Despite a population in excess of 1.2 billion, India’s Internet penetration rate remains below 10 percent. That makes mobile — both smartphones and feature phones — the most accessible Internet platform for hundreds of millions in the country, and the growth suggests that more Indians are getting online thanks to increased ownership of Web-enabled devices.

So while China’s mobile Web rise is a reflection of its booming demand for smartphones, India’s is wholly representative of how mobile can connect those without access to online services.

This potential for connectivity through mobile is mirrored in countless other emerging markets, which are likely to follow India’s lead and see mobile beat out the fixed Web, albeit over longer periods of time. Given India’s size however, mobile is unlikely to have quite such a potentially enormous impact in other markets, as few have more than 1 billion offline.

There’s still much work to do in the country, where even basic devices like Nokia’s Asha series — made for markets like India — are either too expensive or remain unknown to those that could benefit from them. As the price of smartphones and other Internet-ready devices lowers, so mobile will bring more opportunities for those experiencing the benefits of cyber space for the first time.
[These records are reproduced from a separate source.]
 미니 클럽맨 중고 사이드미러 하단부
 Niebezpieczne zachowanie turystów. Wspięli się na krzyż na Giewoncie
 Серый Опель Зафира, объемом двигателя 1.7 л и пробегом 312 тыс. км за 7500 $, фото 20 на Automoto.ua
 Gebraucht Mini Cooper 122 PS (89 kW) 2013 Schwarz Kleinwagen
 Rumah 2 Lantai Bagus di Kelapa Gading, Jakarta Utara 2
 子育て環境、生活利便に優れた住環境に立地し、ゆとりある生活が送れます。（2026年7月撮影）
Equally, 4G is beginning to roll out and that has vast potential to do good too. Bharti launched its service, initially for dongles, in April and CEO Sanjay Kapoor stated his belief that the service could bring about “fundamental changes in society at large.”
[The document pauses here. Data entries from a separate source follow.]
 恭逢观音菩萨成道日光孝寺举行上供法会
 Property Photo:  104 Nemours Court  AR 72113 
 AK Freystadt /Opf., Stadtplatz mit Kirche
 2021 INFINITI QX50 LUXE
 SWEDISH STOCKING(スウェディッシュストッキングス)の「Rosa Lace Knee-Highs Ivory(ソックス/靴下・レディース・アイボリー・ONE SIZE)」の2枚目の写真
Trends in larger cities largely mimic other urban areas, with higher smartphone ownership and fixed-line Internet access. Instead it is rural areas that could benefit the most from mobile Internet since they are typically less affluent and poor infrastructure restricts a range of services, even those as basic as electricity or water, let alone Internet.

Measuring the Web and mobile remains an imprecise science and StatCounter, though widely used as benchmark for measuring metrics like browser share, is not 100 percent accurate, like any service, but its findings are usually indicative of clear trends.

StatCounter’s figures are based on data from over 15 billion page views (and notably, not unique visitors which is what rivals like Net Applications measure) which are taken from more than 3 million sites that run the company’s statistics package.